▶ **WHAT THIS TASK INVOLVES**: An exact copy of all the entries is needed, with no images in it.

Recorded data
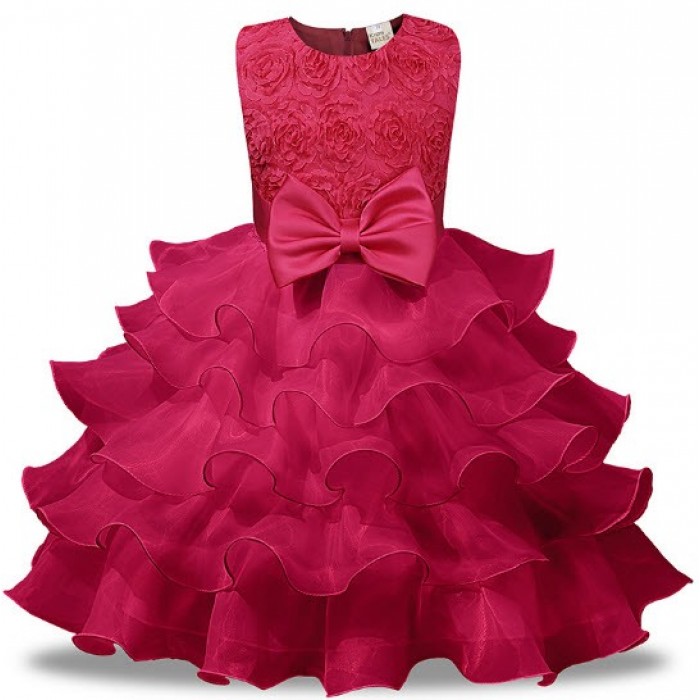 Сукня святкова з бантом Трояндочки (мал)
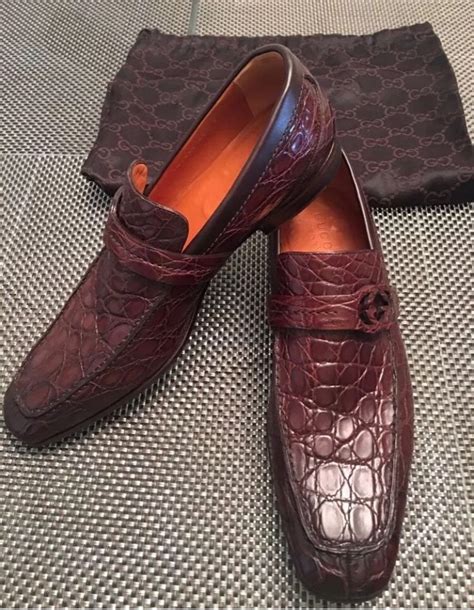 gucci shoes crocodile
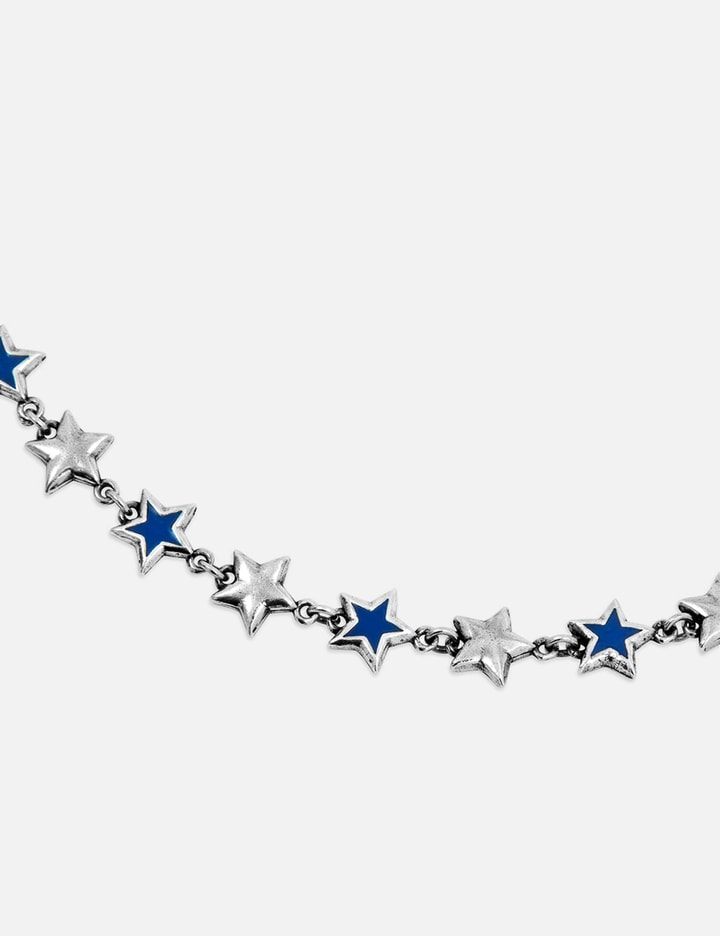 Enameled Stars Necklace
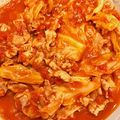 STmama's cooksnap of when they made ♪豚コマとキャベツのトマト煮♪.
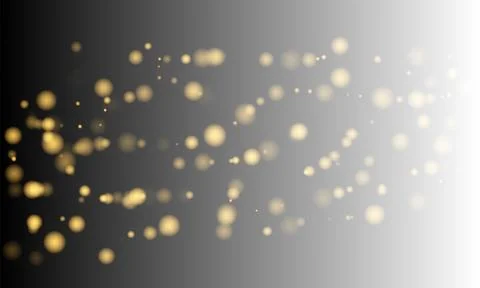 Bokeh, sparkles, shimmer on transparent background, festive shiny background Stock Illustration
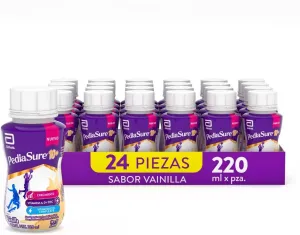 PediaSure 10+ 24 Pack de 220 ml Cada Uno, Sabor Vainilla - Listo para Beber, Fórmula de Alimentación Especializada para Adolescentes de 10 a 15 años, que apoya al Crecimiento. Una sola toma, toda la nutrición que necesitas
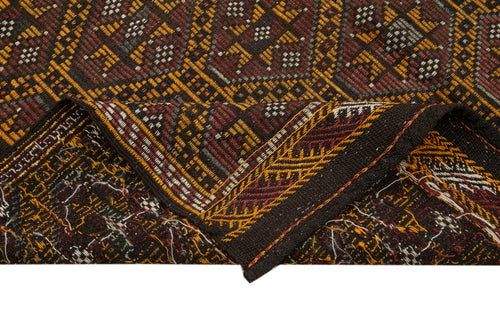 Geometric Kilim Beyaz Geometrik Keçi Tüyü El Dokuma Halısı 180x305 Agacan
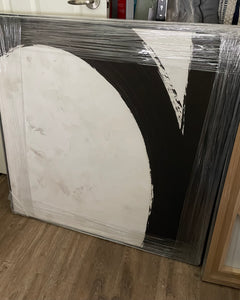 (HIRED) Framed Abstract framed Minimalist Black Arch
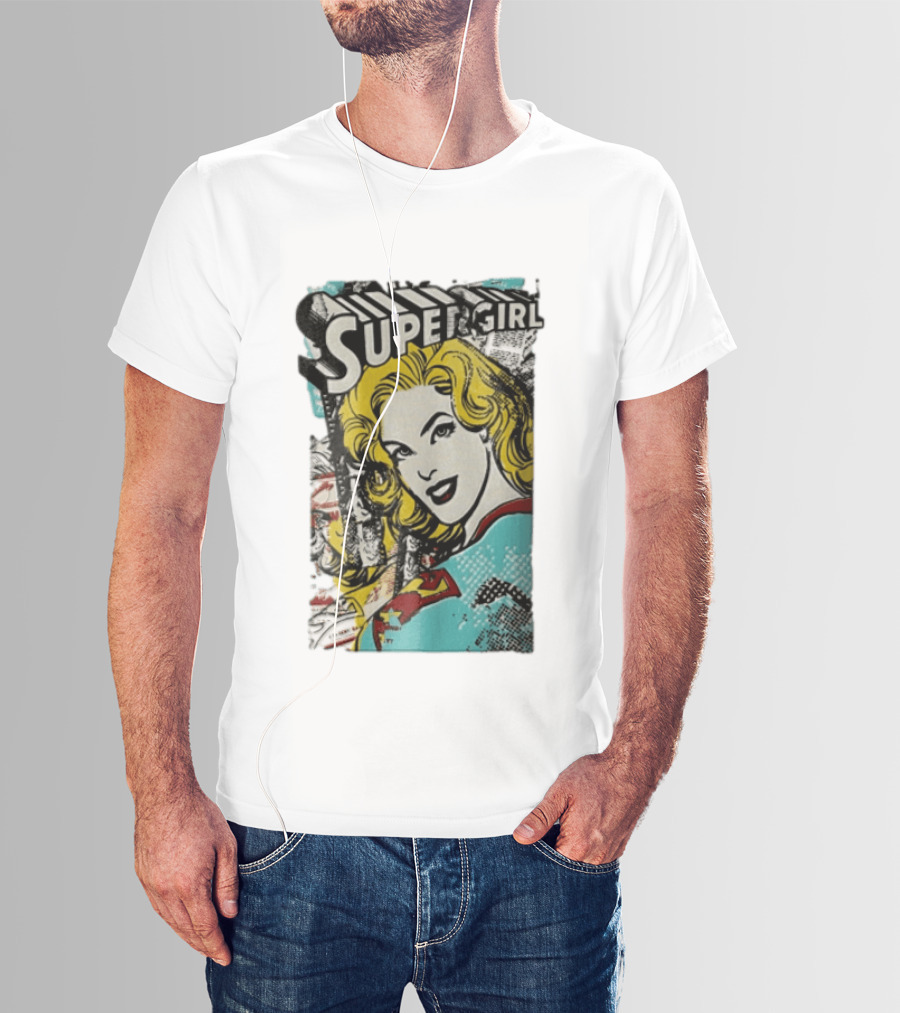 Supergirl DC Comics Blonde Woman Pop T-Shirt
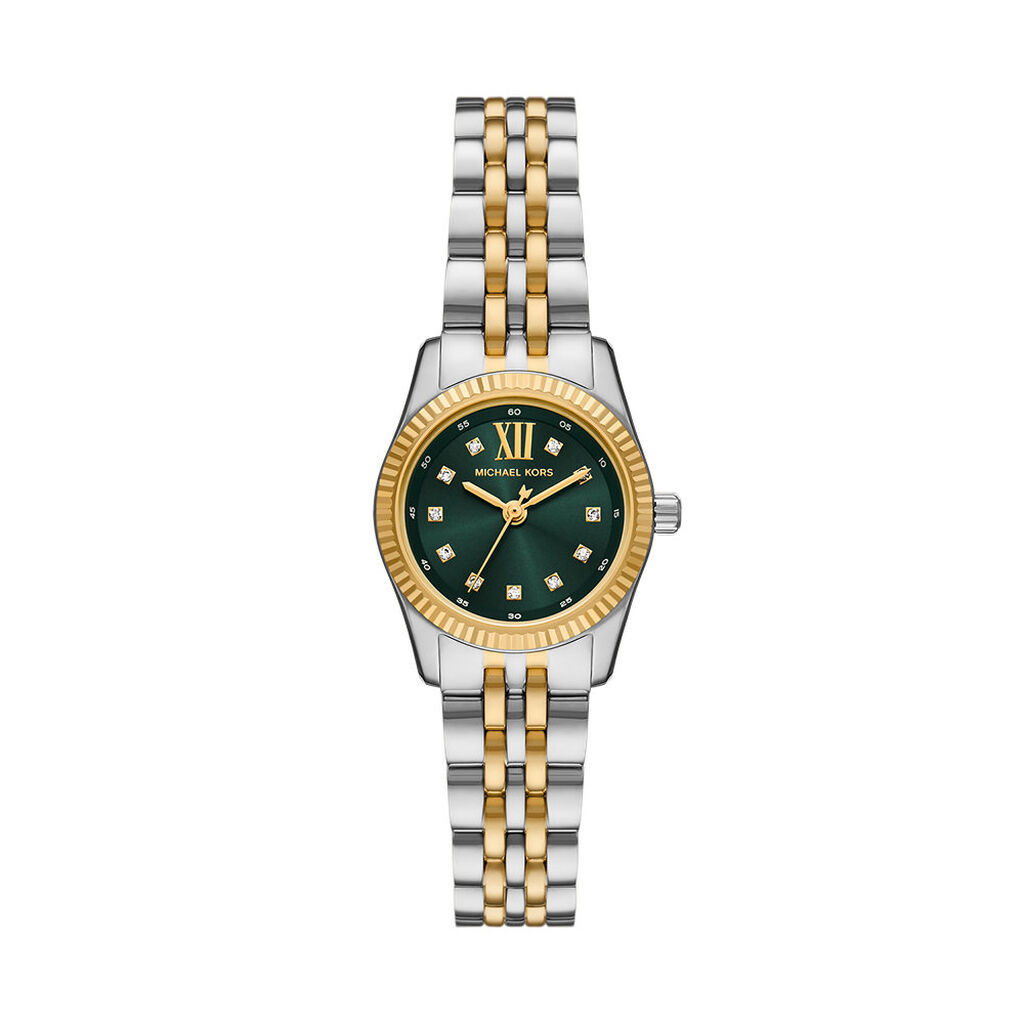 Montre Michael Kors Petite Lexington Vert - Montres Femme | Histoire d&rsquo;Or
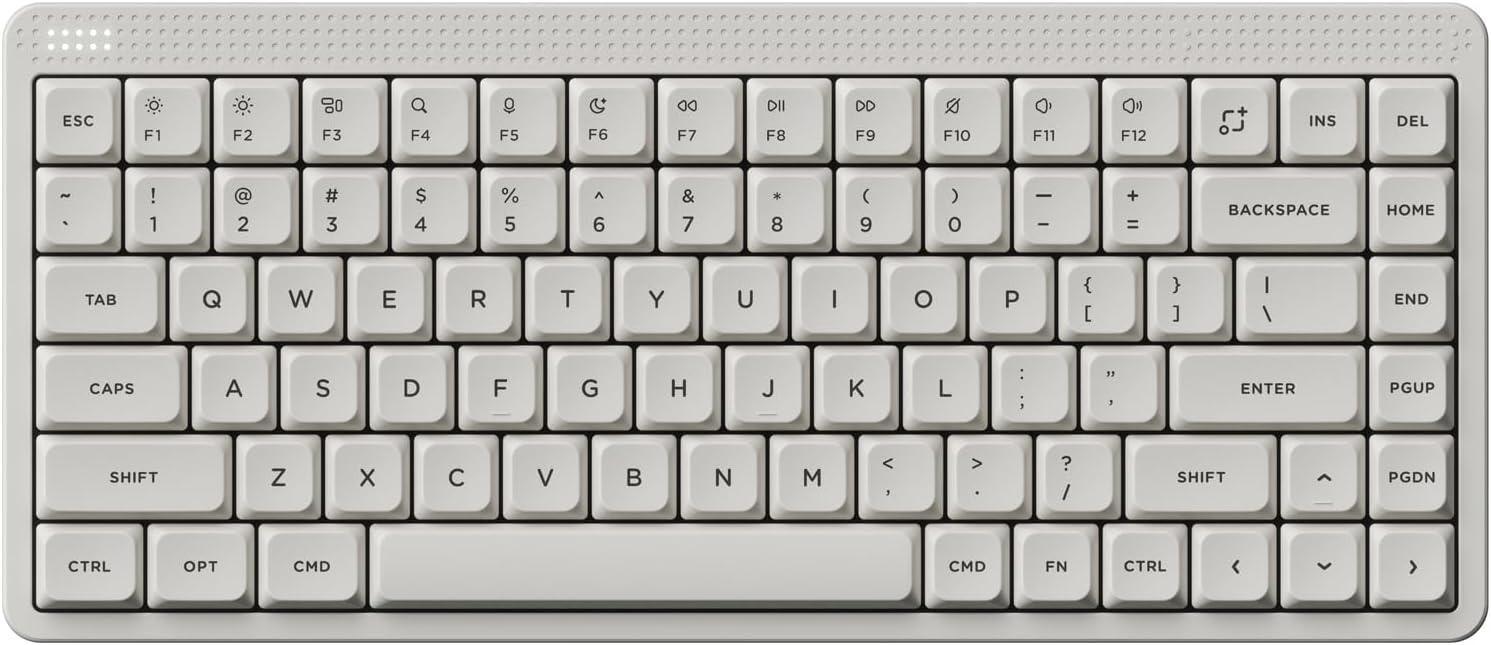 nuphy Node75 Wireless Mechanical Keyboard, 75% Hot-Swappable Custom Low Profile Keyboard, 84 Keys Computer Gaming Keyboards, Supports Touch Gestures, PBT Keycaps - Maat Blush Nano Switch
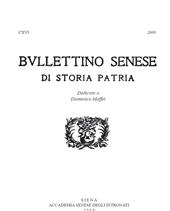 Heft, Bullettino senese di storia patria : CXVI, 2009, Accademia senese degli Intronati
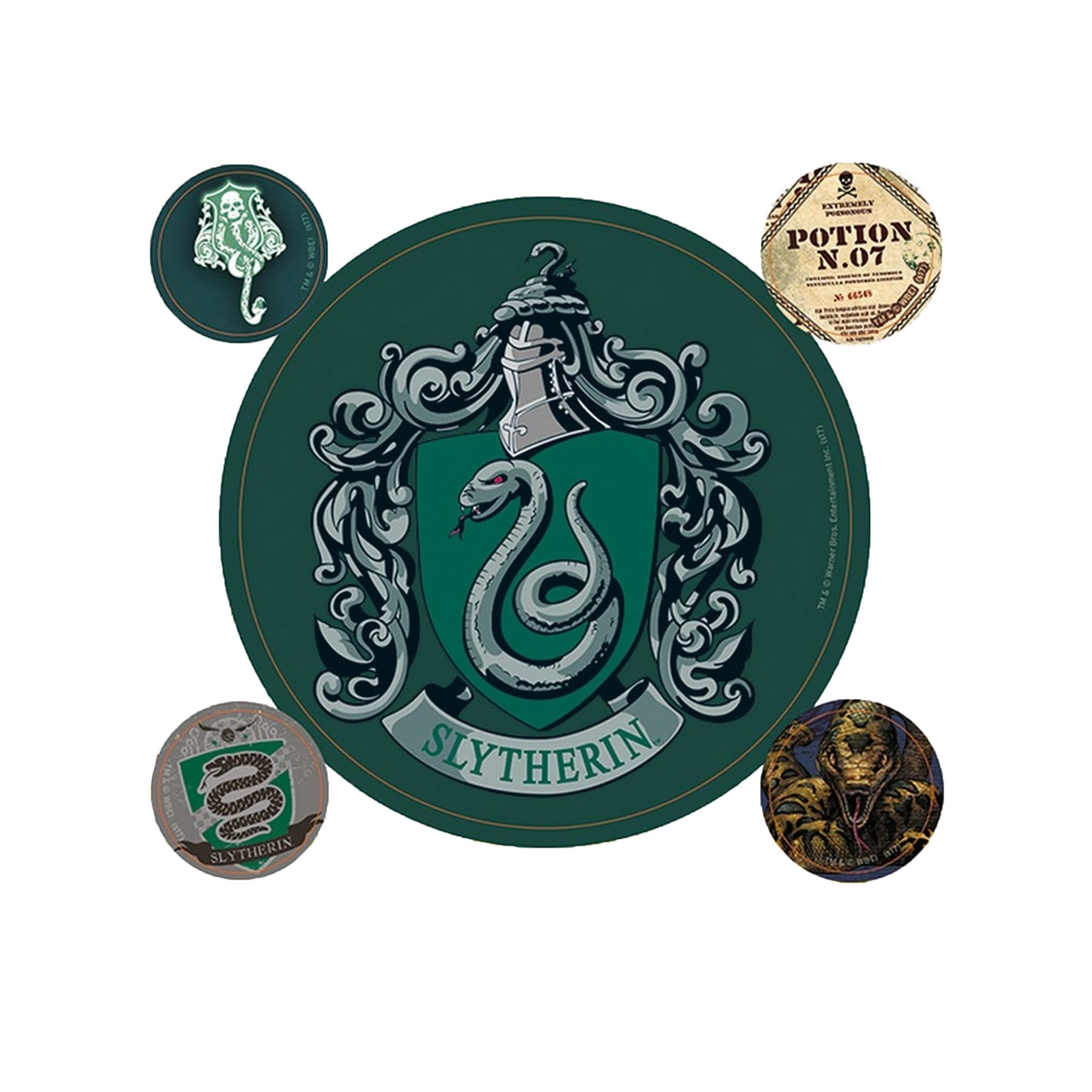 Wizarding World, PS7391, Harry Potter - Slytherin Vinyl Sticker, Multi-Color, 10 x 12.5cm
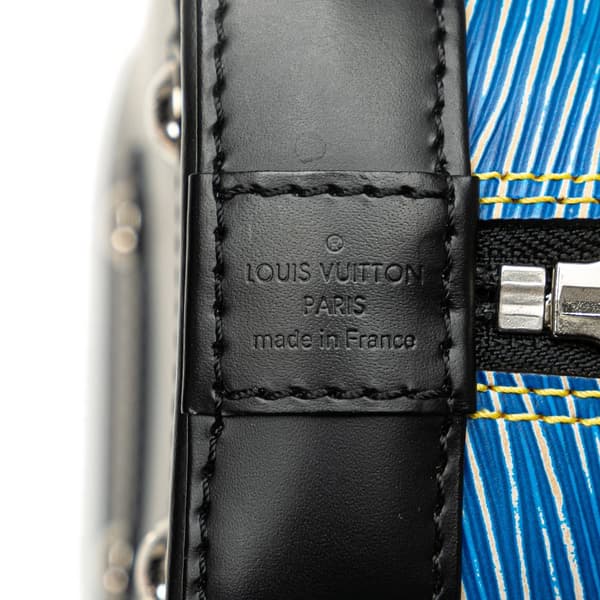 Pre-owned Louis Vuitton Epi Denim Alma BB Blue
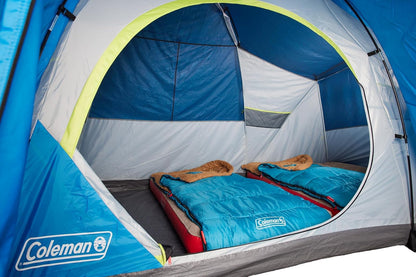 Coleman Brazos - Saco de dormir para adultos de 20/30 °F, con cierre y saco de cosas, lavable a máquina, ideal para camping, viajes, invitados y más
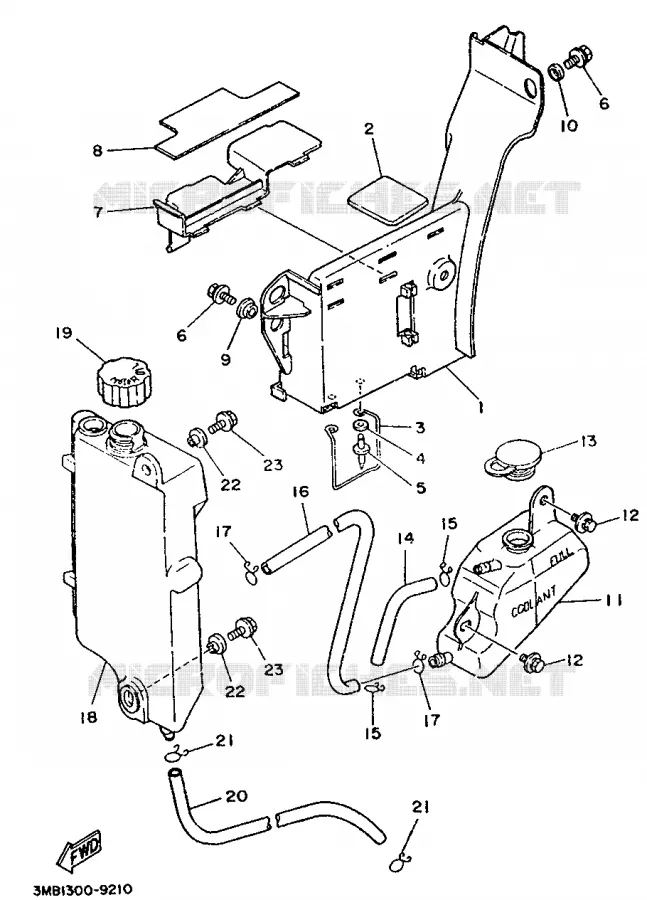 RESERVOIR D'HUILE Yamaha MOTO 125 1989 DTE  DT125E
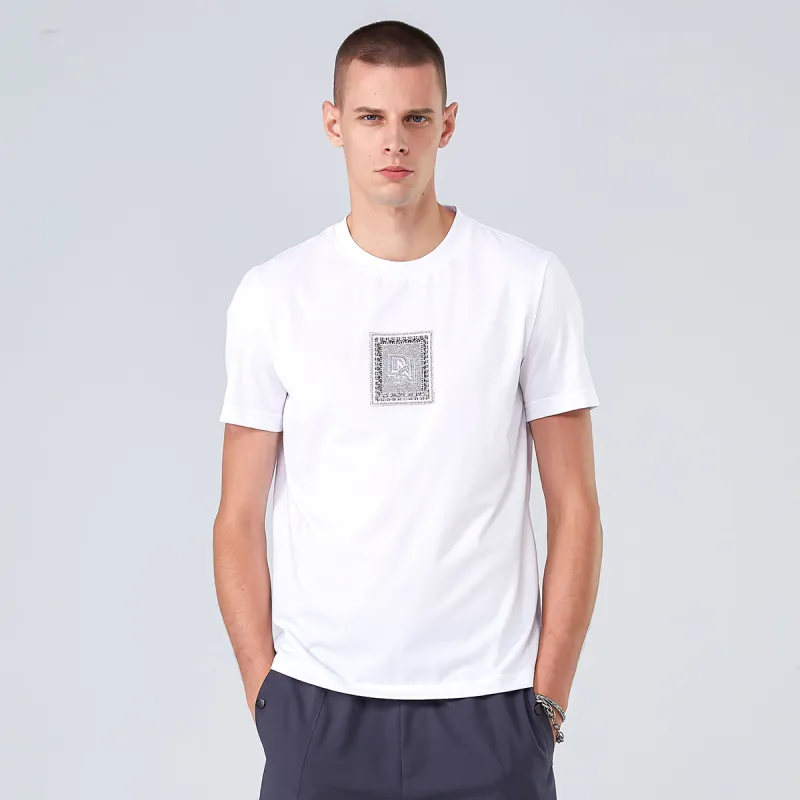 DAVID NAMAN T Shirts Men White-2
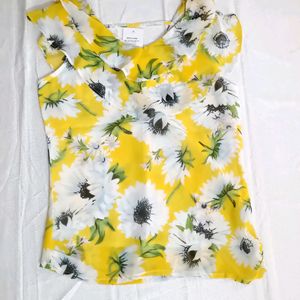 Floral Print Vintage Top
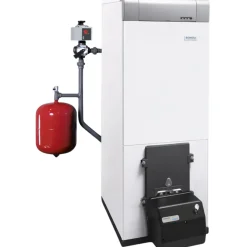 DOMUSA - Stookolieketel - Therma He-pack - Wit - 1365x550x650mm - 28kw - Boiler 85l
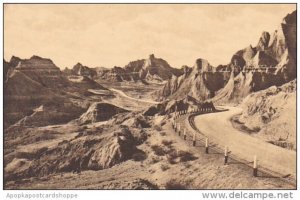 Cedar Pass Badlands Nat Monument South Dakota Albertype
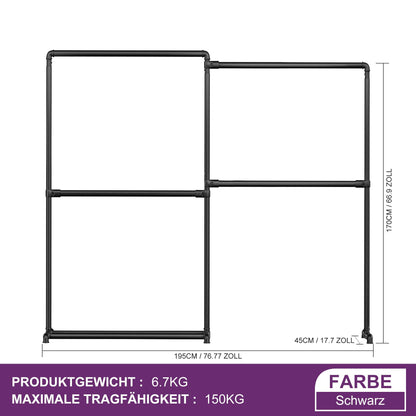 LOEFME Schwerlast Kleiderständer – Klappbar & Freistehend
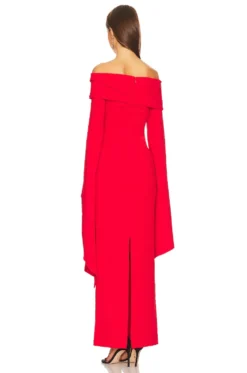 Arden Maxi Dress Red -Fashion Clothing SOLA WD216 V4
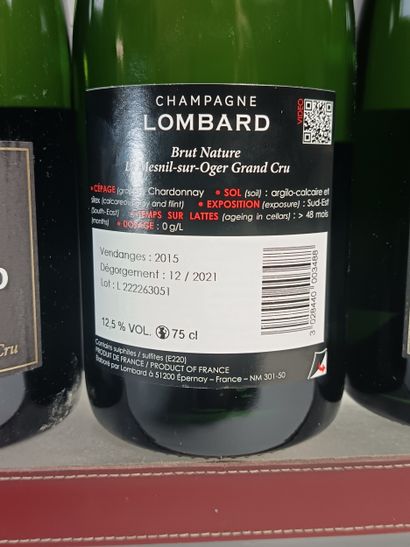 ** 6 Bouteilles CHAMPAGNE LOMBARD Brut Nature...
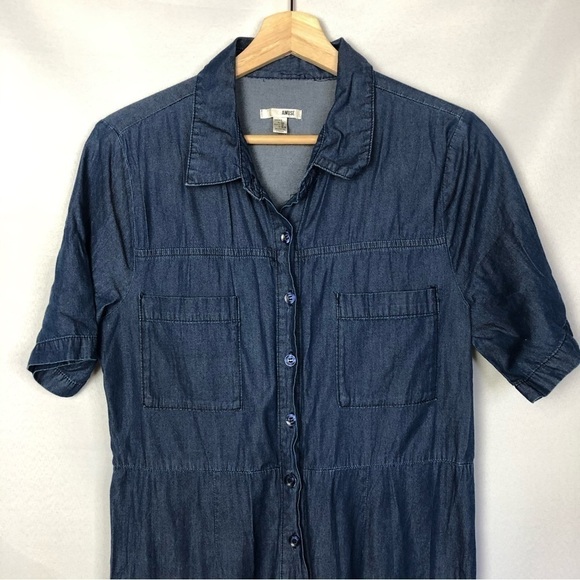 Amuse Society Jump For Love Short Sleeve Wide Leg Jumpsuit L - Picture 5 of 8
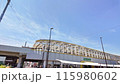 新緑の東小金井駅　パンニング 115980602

▶ **SOLUTION BELOW**:
 Сукня святкова з бантом Трояндочки (мал)
 gucci shoes crocodile
 Enameled Stars Necklace
 STmama's cooksnap of when they made ♪豚コマとキャベツのトマト煮♪.
 Bokeh, sparkles, shimmer on transparent background, festive shiny background Stock Illustration
 PediaSure 10+ 24 Pack de 220 ml Cada Uno, Sabor Vainilla - Listo para Beber, Fórmula de Alimentación Especializada para Adolescentes de 10 a 15 años, que apoya al Crecimiento. Una sola toma, toda la nutrición que necesitas
 Geometric Kilim Beyaz Geometrik Keçi Tüyü El Dokuma Halısı 180x305 Agacan
 (HIRED) Framed Abstract framed Minimalist Black Arch
 Supergirl DC Comics Blonde Woman Pop T-Shirt
 Montre Michael Kors Petite Lexington Vert - Montres Femme | Histoire d&rsquo;Or
 nuphy Node75 Wireless Mechanical Keyboard, 75% Hot-Swappable Custom Low Profile Keyboard, 84 Keys Computer Gaming Keyboards, Supports Touch Gestures, PBT Keycaps - Maat Blush Nano Switch
 Heft, Bullettino senese di storia patria : CXVI, 2009, Accademia senese degli Intronati
 Wizarding World, PS7391, Harry Potter - Slytherin Vinyl Sticker, Multi-Color, 10 x 12.5cm
 Pre-owned Louis Vuitton Epi Denim Alma BB Blue
 Coleman Brazos - Saco de dormir para adultos de 20/30 °F, con cierre y saco de cosas, lavable a máquina, ideal para camping, viajes, invitados y más
 RESERVOIR D'HUILE Yamaha MOTO 125 1989 DTE  DT125E
 DAVID NAMAN T Shirts Men White-2
 Floral Print Vintage Top
 DOMUSA - Stookolieketel - Therma He-pack - Wit - 1365x550x650mm - 28kw - Boiler 85l
 Cedar Pass Badlands Nat Monument South Dakota Albertype
 LOEFME Schwerlast Kleiderständer – Klappbar & Freistehend
 Arden Maxi Dress Red -Fashion Clothing SOLA WD216 V4
 ** 6 Bouteilles CHAMPAGNE LOMBARD Brut Nature...
 Amuse Society Jump For Love Short Sleeve Wide Leg Jumpsuit L - Picture 5 of 8
 新緑の東小金井駅　パンニング 115980602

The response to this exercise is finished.